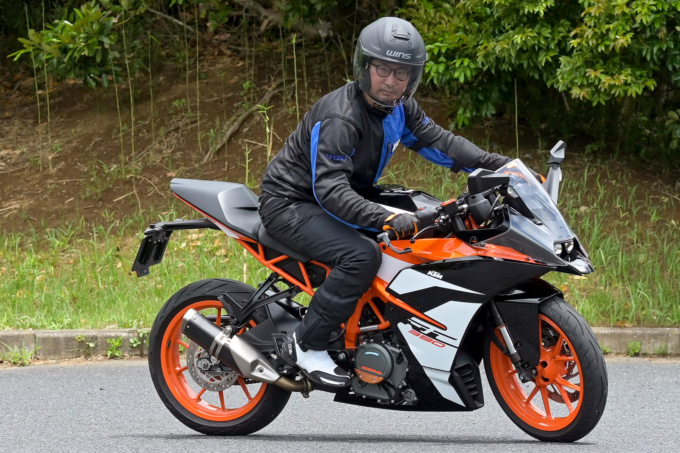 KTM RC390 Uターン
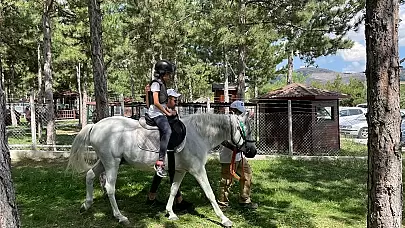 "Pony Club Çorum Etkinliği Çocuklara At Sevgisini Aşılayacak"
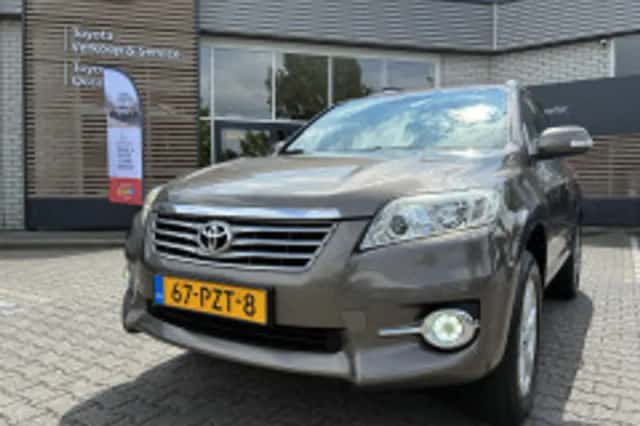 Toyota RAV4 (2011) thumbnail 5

----------------

* **Your goal**
Word for word, quote the full listing, omitting every picture.

* **Solution below**
 KTM RC390 Uターン
 "Pony Club Çorum Etkinliği Çocuklara At Sevgisini Aşılayacak"
 Toyota RAV4 (2011) thumbnail 5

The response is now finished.